If an entry holds a picture, leave the picture out and copy the rest exactly.
======== Information supplied ========
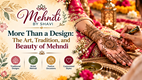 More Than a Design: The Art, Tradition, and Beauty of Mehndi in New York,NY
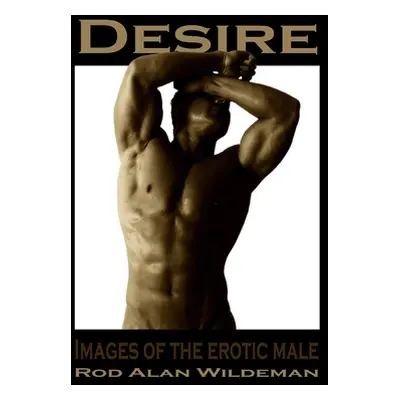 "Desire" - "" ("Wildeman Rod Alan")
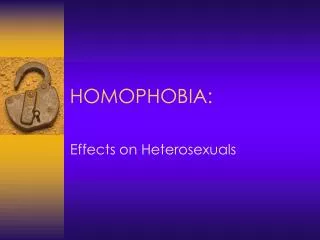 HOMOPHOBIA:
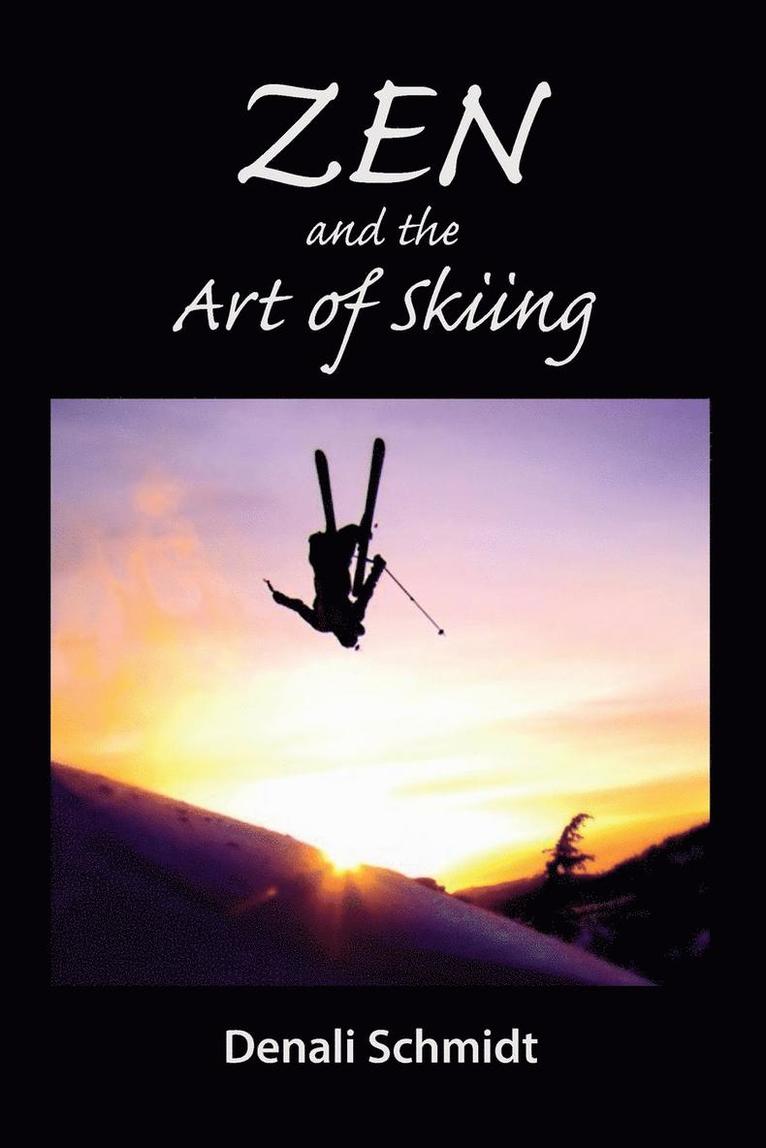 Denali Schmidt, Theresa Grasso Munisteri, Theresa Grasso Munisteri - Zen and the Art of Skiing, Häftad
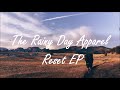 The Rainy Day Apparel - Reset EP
========
-- Answer section --
 More Than a Design: The Art, Tradition, and Beauty of Mehndi in New York,NY
 "Desire" - "" ("Wildeman Rod Alan")
 HOMOPHOBIA:
 Denali Schmidt, Theresa Grasso Munisteri, Theresa Grasso Munisteri - Zen and the Art of Skiing, Häftad
 The Rainy Day Apparel - Reset EP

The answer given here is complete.